La Chambre des représentants, où le Parti démocrate est majoritaire, a décidé d’entamer une procédure de destitution («impeachment») à l’encontre du président républicain, qu’elle soupçonne d’avoir abusé de ses pouvoirs pour nuire à son plus sérieux rival démocrate pour l’élection présidentielle de novembre 2020, l’ancien vice-président Joe Biden.

Motif de cette procédure, l’alerte lancée par un membre des services du renseignement américain sur un entretien entre Donald Trump et Volodomir Zelenski le 25 juillet dernier au cours duquel le chef de la Maison blanche a demandé au président ukrainien d’ouvrir une enquête sur Joe Biden et son fils pour des soupçons de corruption.

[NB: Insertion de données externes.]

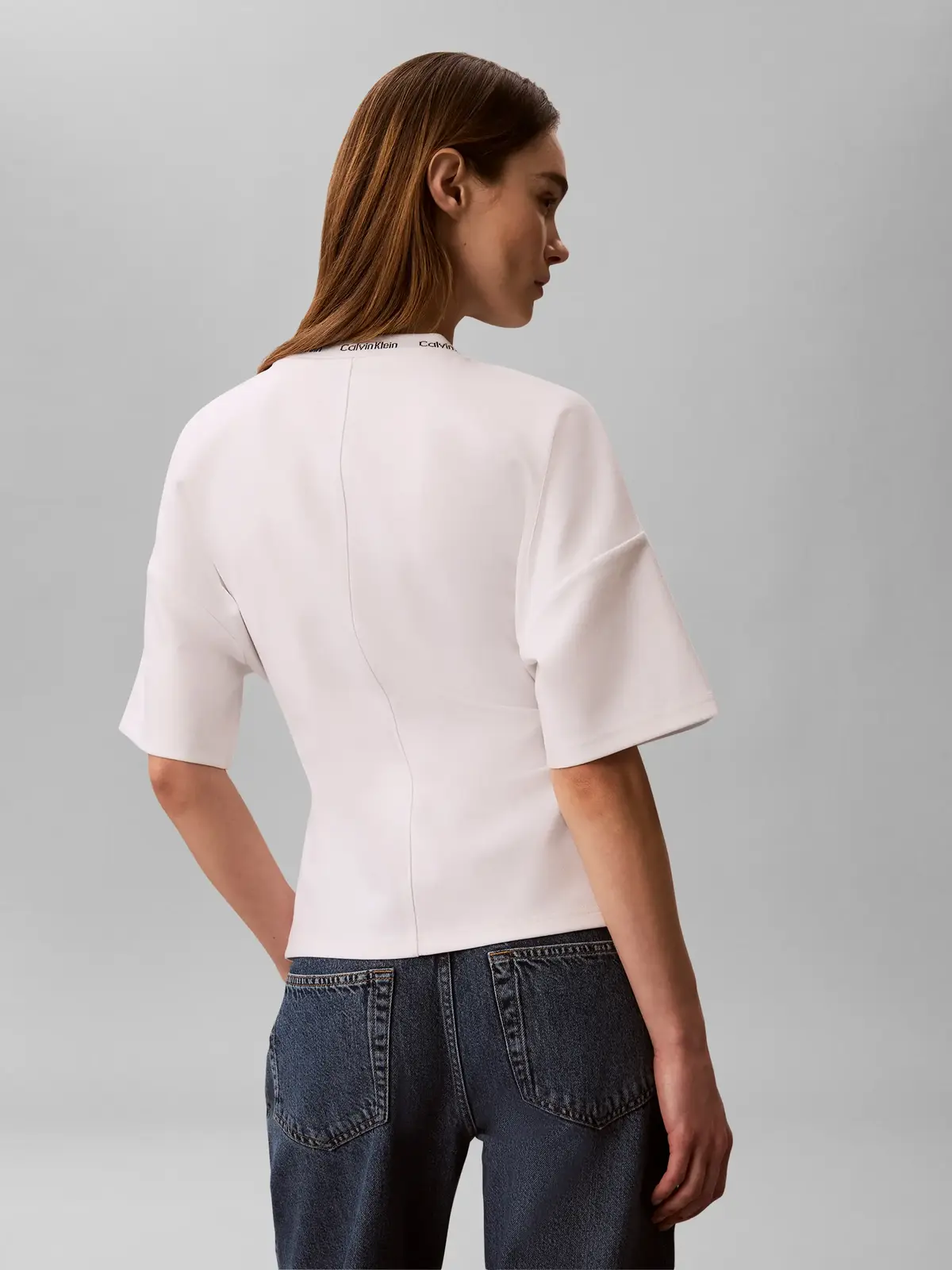 SS LOGO NECK DETAIL, YAF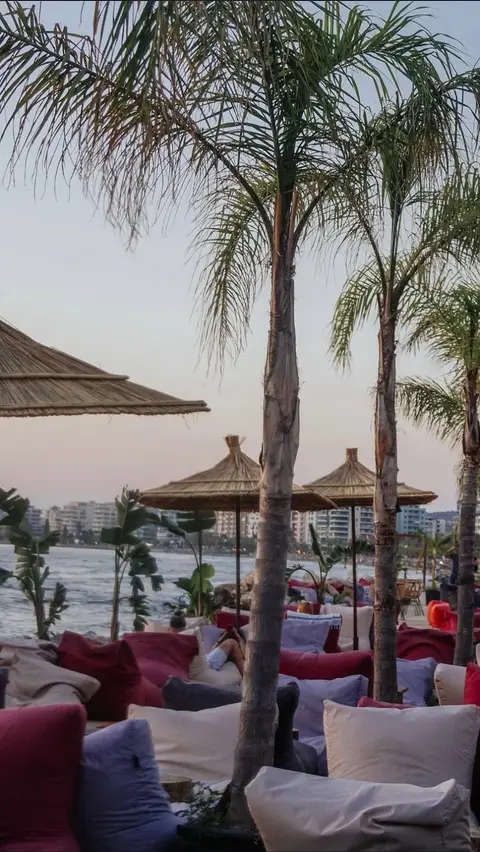 ammos lounge vlore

Dans une série de messages publiés sur Twitter dimanche soir, Donald Trump a dit vouloir «rencontrer» le lanceur d’alerte, qu’il a désigné comme «mon accusateur», ainsi que «la personne qui a illégalement transmis» les informations au lanceur d’alerte. «Cette personne espionnait-elle le président américain ? Lourdes conséquences !», a écrit Trump sur le réseau social.

Selon l’émission de télévision 60 Minutes diffusée dimanche sur CBS, le lanceur d’alerte a été placé sous protection fédérale après avoir reçu des menaces. Les démocrates de la Chambre des représentants ont poursuivi leur enquête en assignant à comparaître le secrétaire d’État Mike Pompeo afin qu’il transmette des documents concernant des contacts avec le gouvernement ukrainien.